Cornwall and Cornouaille are both late names, and links are today disregarded by several modern historians.

First mention of Cornwall dates from 705, when Aldhelm of Malmesbury wrote usque diram Domnonium per carentem Cornubiam, so first recorded form is 'Cornubia'. Pierre-Roland Giot stated from this that it is hard to understand why someone from Malmesbury would dislike Domnonia and likes Cornwall - so probably a proof of either continental Domnonia or Cornouailles.

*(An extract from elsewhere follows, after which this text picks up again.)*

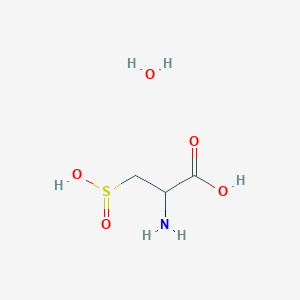 molecular formula C3H9NO5S B13144728 Sulfino-DL-alaninehydrate 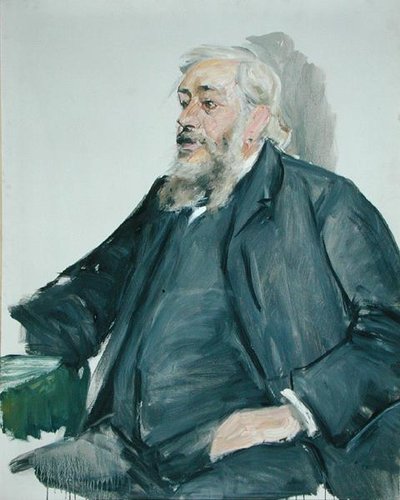 Tweede Studie van Professor Justus Brinckmann door Max Liebermann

In 931 we have Cornwallas and in the XIth century Cornwallia.

For Cornouaille in Brittany;
In the Annals of Flodoard, we have Britanniam in Cornu Galliam in 919, and in 931 Brittones in Cornu Galliam.
The Life of St Magloire from the same period gives desertum Cornugallium, Cornubia, in Armorica regionis, Domnoniae et Cornubiae.

There is also the town of Plouguerneau in North Finistère, which name comes from
Plebs Cerniu accordingly to Bernard Merdrignac.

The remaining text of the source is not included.